Brown has built a career as an artist creating paintings, collages, and clothing. Her work—which combines oil painting with collage along with mixed-media drawings and printmaking—is distinguished by strong color, abstracted imagery, and architectural geometry. She has received numerous awards, residencies, and solo exhibitions, and her work is held in collections across the country. She is represented by Michael Warren Contemporary Gallery in Denver and Skye Gallery in Aspen.

Brown takes as much pleasure in teaching as in creating. In fact, to her, the two are intertwined. She has authored professional development courses for art teachers highlighting “Teaching as Part of an Artistic Practice.” She models her teaching after the teaching she received at Bennington. “The focus of my life is to bring progressive education to the teaching of art. Students best learn by doing,” said Brown.  

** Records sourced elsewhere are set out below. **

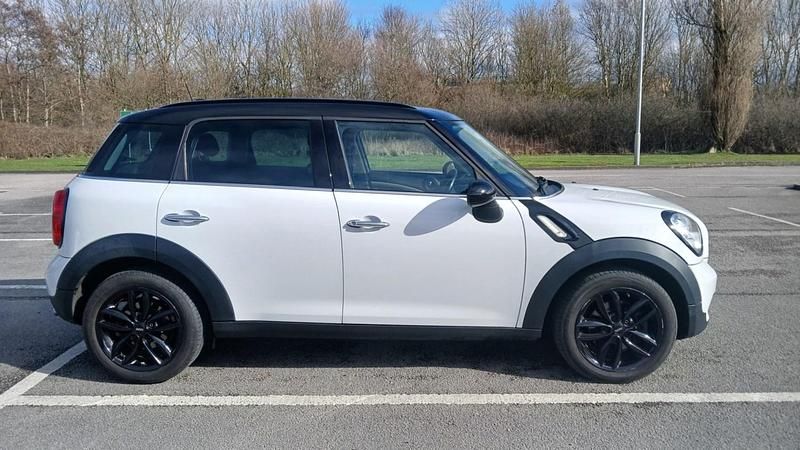 Used Mini Cooper D Business 2016 White Hatchback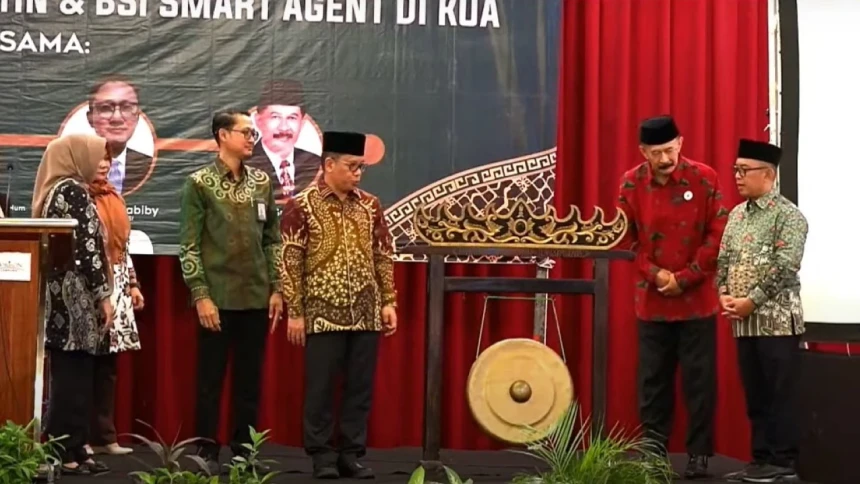 Berharap Cinta Abadi dengan Wakaf Tunai Calon Pengantin | NU Online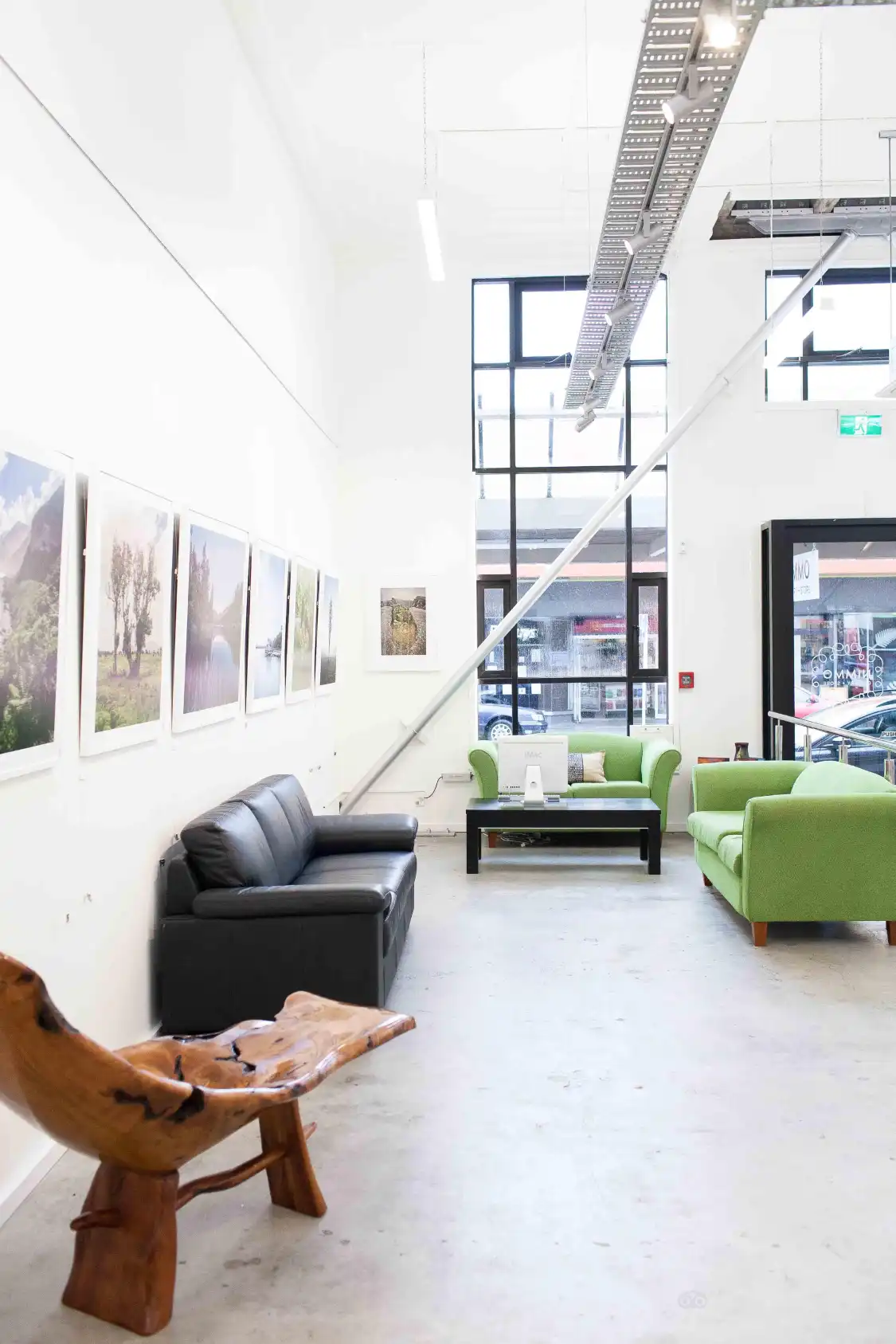 Hotels near Nimmo Gallery + Store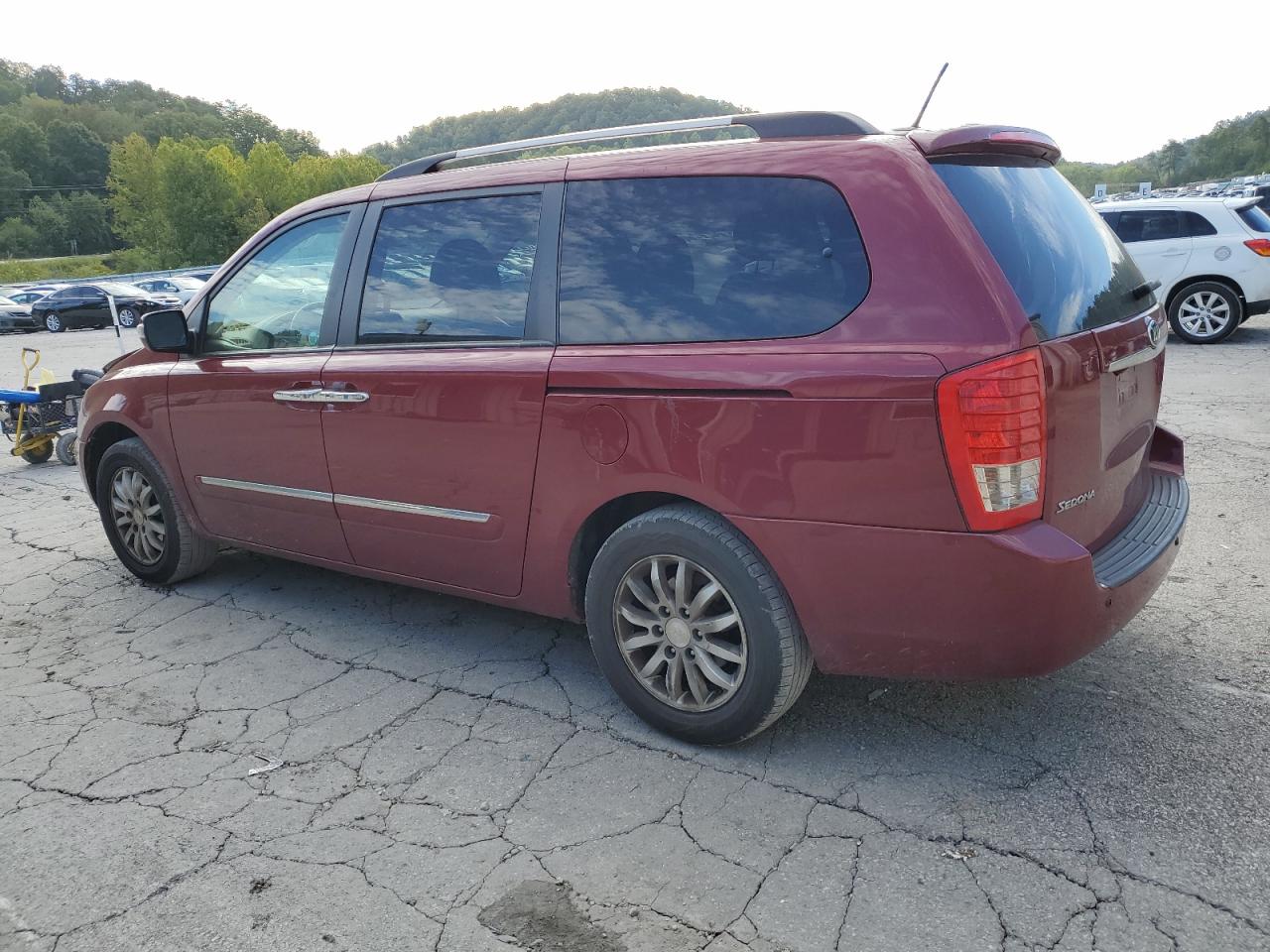 2012 Kia Sedona - Image 2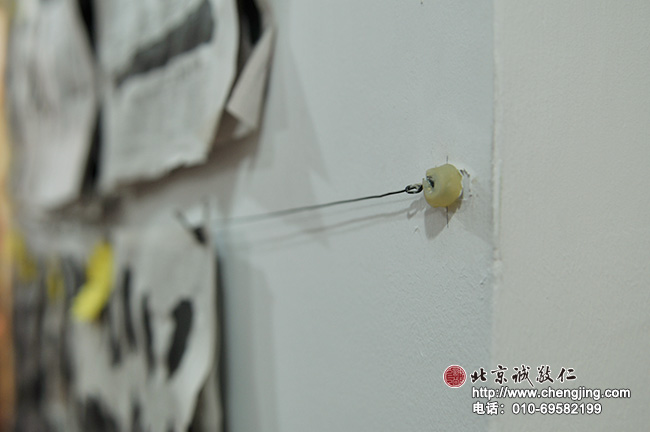 老師們還發現，就連固定作品的釘子都要用玻璃膠包住，以防孩子在不慎中受傷。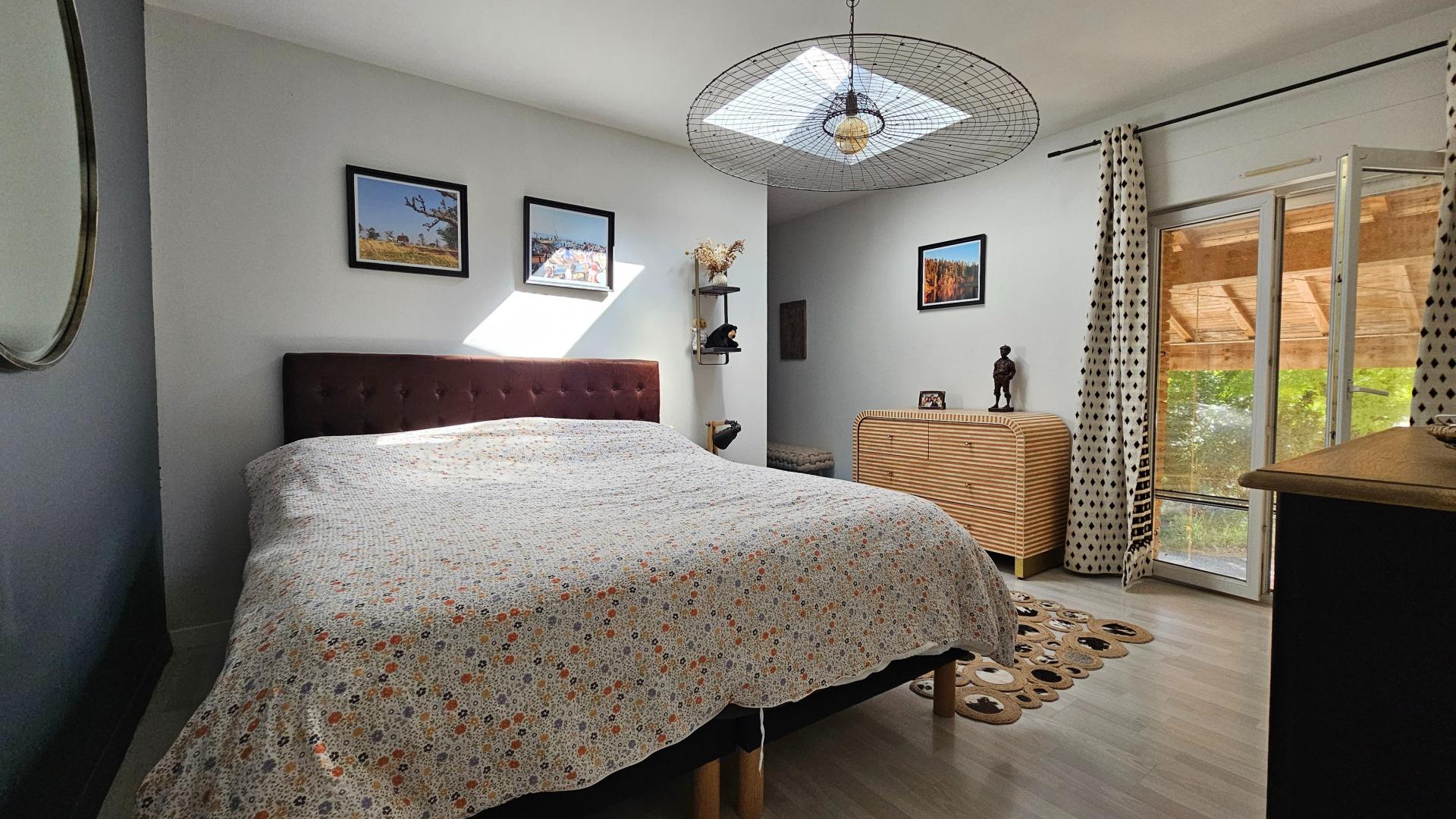 Photo 11 of the listing.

One of her greatest pleasures is teaching in environments where choice is limited. From youth detention centers to the Pitkin County Jail, where she taught from 2017 to 2025, Brown has worked with incarcerated youth and adults using restricted materials. “In these spaces, making art becomes an act of agency,” Brown said. She recalls a moment when a student, enlightened through artmaking, said, “This is going to be important in my life.”

Among her notable projects is The Neo-Quietism Project, which explores the meditative and restorative potential of making and looking at abstract art. Booth Brown says that language or others’ expectations sometimes get in the way of viewing and making art. The project aims to give viewers and art makers permission to experience the work for themselves. 

Until recently, Brown was  the Director of Education and Community Programs at the Aspen Art Museum, where she expanded access to creative experiences, including programs that brought hands-on artmaking to thousands of children each year. She now is striking out as an independent traveling educator and is writing two books: one on mentoring artists and another on teaching creativity to children. “I like to help people discover their own ways of being and support each person in identifying and developing a direction that is uniquely their own,” she said. “If you can hold a pencil, you can draw.”

For Teresa Booth Brown, possibility is not an abstract idea. It’s a daily practice—one learned at Bennington, carried into the studio, and shared wherever art can open a door.